Without a hint of shame or irony, the Olympics seek to unite people of all races, nations and religions under the banner of friendly competition. Even if only temporarily and within a tightly controlled bubble, they illustrate that we can indeed all get along. In so doing, they embrace the potential for greatness in all mankind and invite us to do the same. Like some global Christmas for sports fans, the Games are an opportunity for us to let down our collective guard and be a little nicer... If only for a few weeks.

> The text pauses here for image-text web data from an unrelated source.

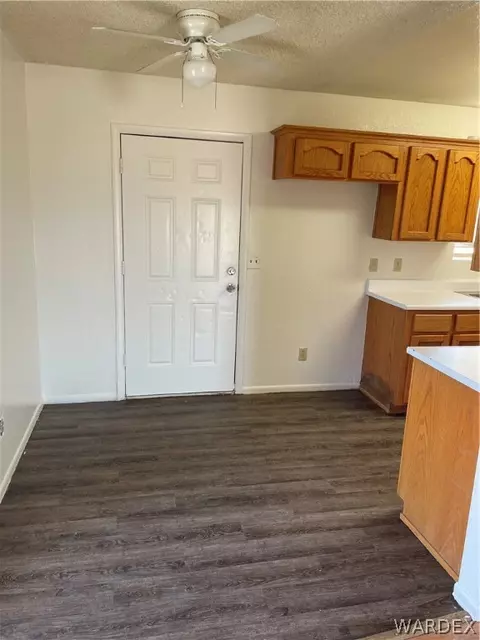 2140 Ashfork Ave, Kingman, AZ 86401 photo 9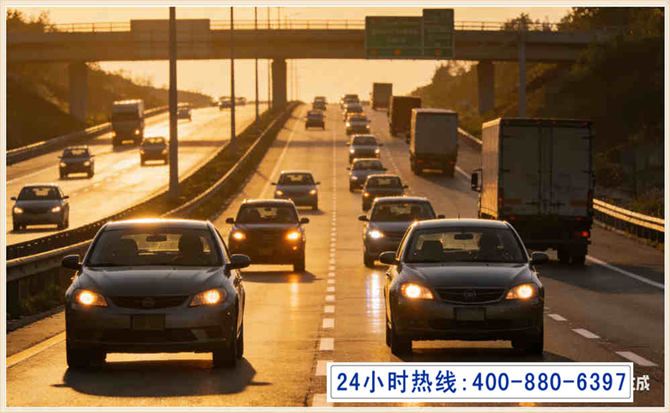 镇赉汽车道路救援电话 (16).jpg 镇赉汽车道路救援电话 (16).jpg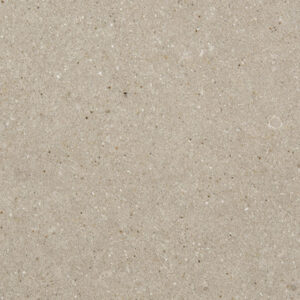 Rivage Grey Limestone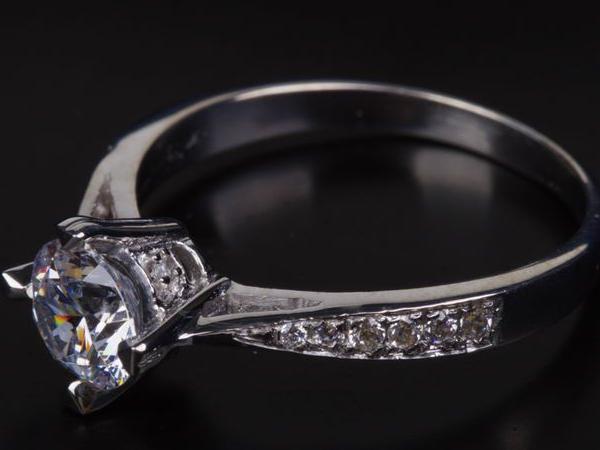 ������ı��������ģ�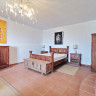 Villa de estilo mediterráneo en Altea Hills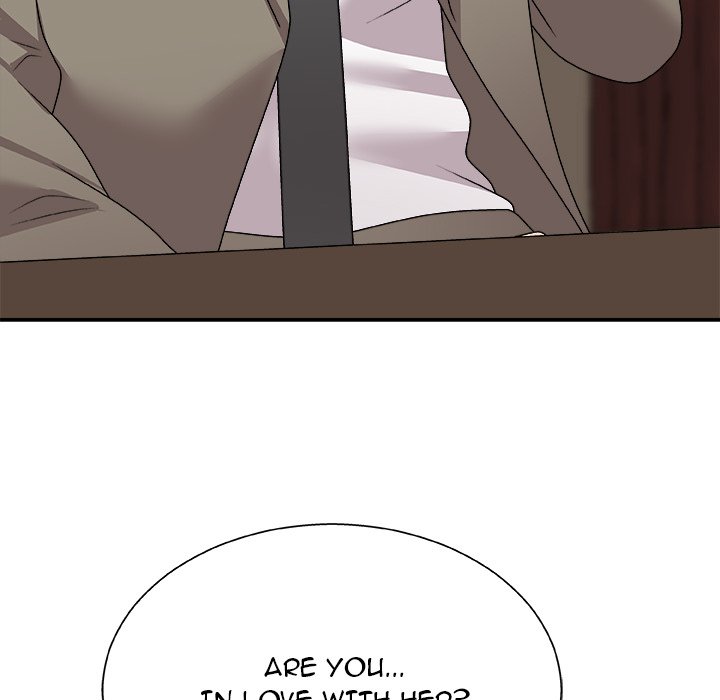 Miss Announcer - Chapter 79 [photo 106] - MangaPorn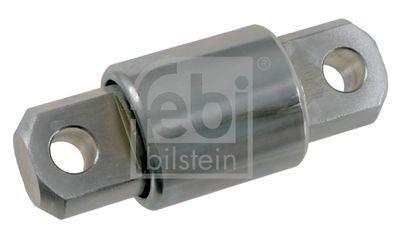 Piekare, Šķērssvira FEBI BILSTEIN 15210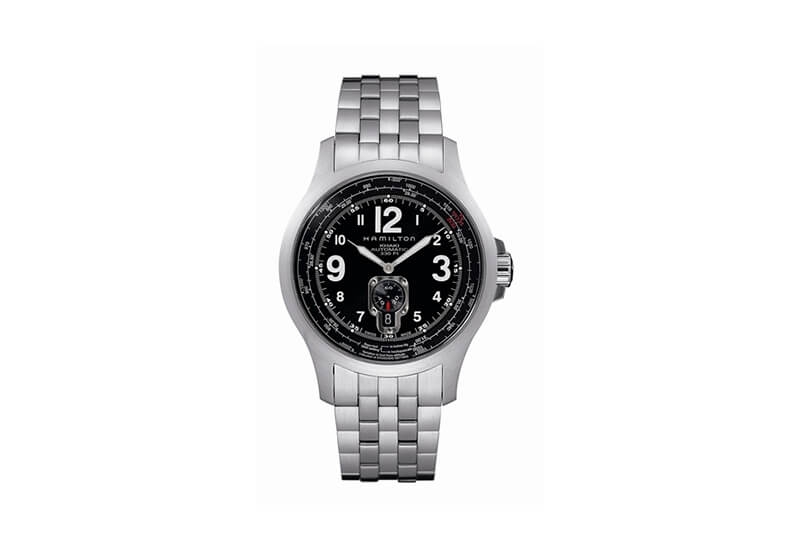 Zilver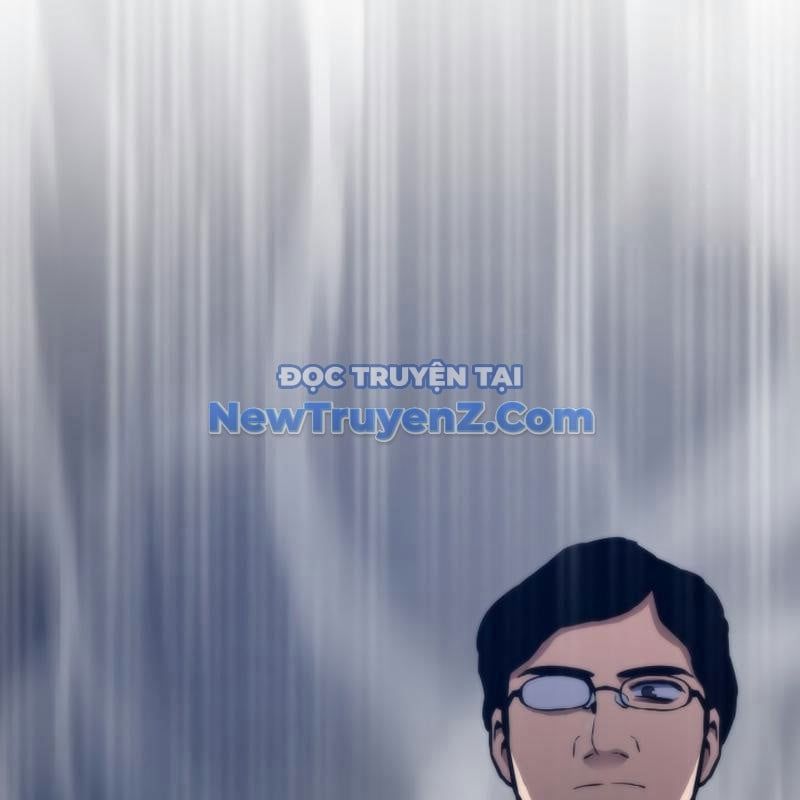 đọc truyện Hồi Quy Giả Chương 129 ảnh 60 tại Thiên Thai Truyện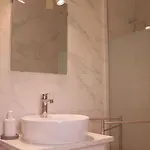 Quinta Do Boição Hébergement de vacances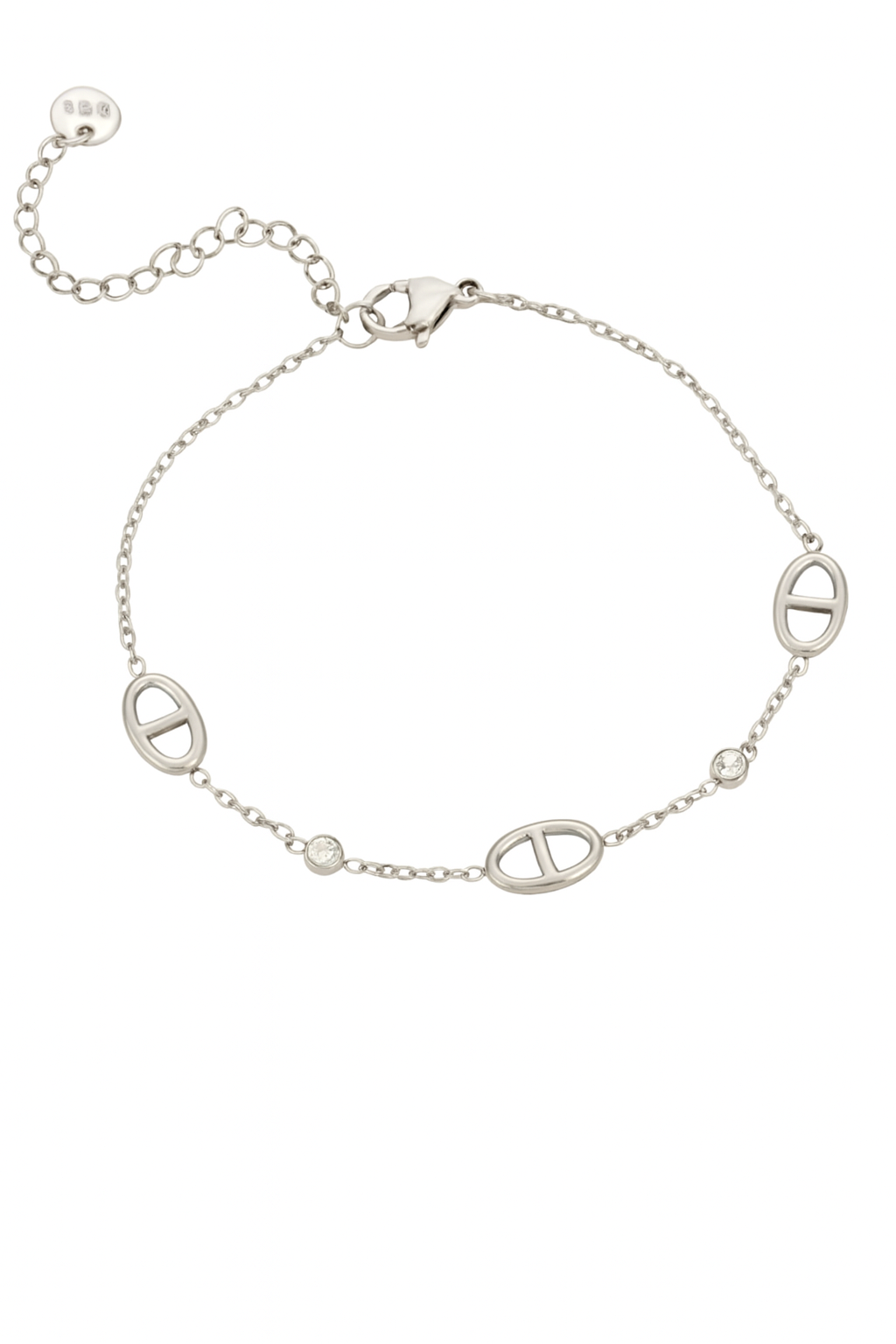 Bracelet Eysa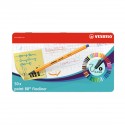 Set e astucci Fineliner Point 88 Stabilo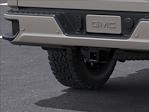 New 2026 GMC Sierra 2500 AT4 Crew Cab 4WD Pickup for sale #047783 - photo 13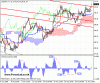 jpy.gif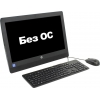 HP ProOne 400 G2 All-in-One  <T9S95EA#ACB>Pent G4400T/4/500SSHD/DVD-RW/WiFi/BT/Win10Pro/20"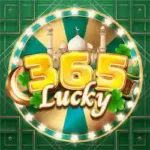 365Lucky Game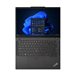 Lenovo ThinkPad X13 Gen 5 - 13.3" - Intel Core Ultra 5 - 125U - Evo - 16 Go RAM - 512 Go SSD - Franais
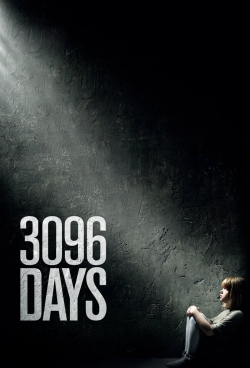 watch 3096 Days movies free online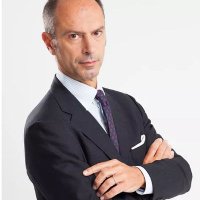 Luigi Amati (@luigiamati2) 's Twitter Profile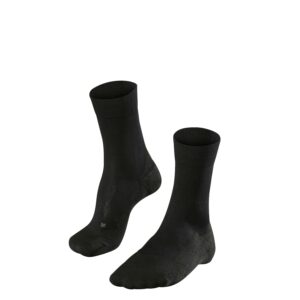 Socken Falke GO2 Hersteller: Falke Bestellnummer:4043876999166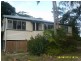 Wamuran QLD 4512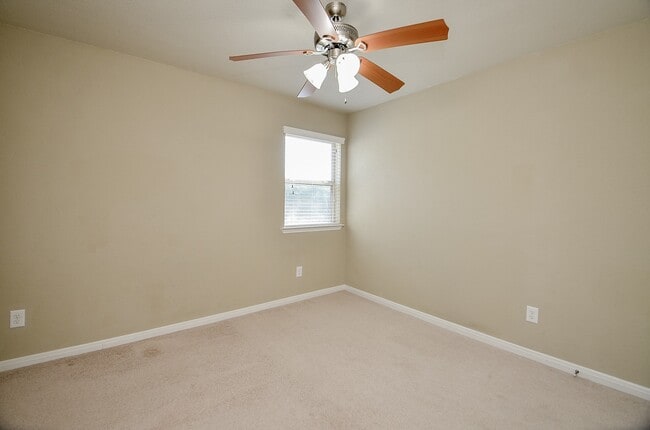 Building Photo - 6418 Burgess Heights Ln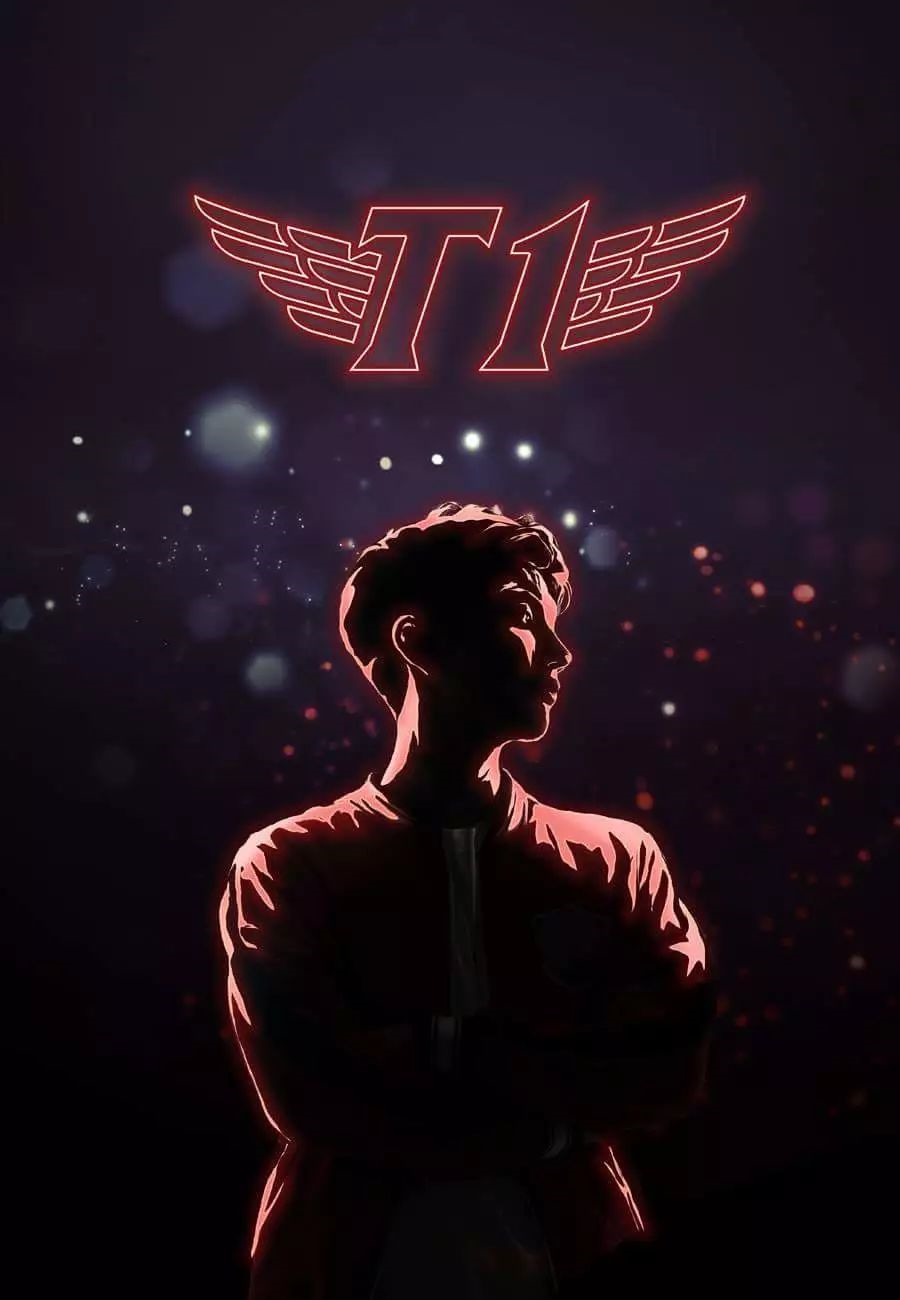 上半场表现 上半场表现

Just as they do for Christmas, cynics will bitterly insist that's an antiquated concept. They'll make the case that to "buy into" the Games is to fall for decades of ingenious marketing and jingoistic mind control. They'll make it clear that such naïveté borders on willful ignorance. If they fancy themselves intellectuals they may even throw in something about "opiates for the masses."
To them I say, isn't it time for your 3 pm Caramel Macchiato and Zoloft chaser?
However, in fairness, to some extent they're right. One need look no further than Hitler's use of the games as a Nazi proving ground or McDonald's attempts at correlating gold medals with Big Macs to see it. Except the fact that both of those live on as spectacular examples of how NOT to use the Olympics only proves my point.
The Olympic torch is a beacon that draws us out of the egotism and drudgery of our daily pursuits toward something transcendent. At their root, the appeal of the Games is the timeless appeal to our own better natures. Be it through the poise of the young Polish woman who sacrifices a normal life to win bronze in an event nobody will watch or in the daily sacrifices of a stay at home dad, an occasional reminder is needed that money isn't the sole measure of fortune and there's a major difference between fame and glory. The Olympics recognize... No, celebrate those distinctions.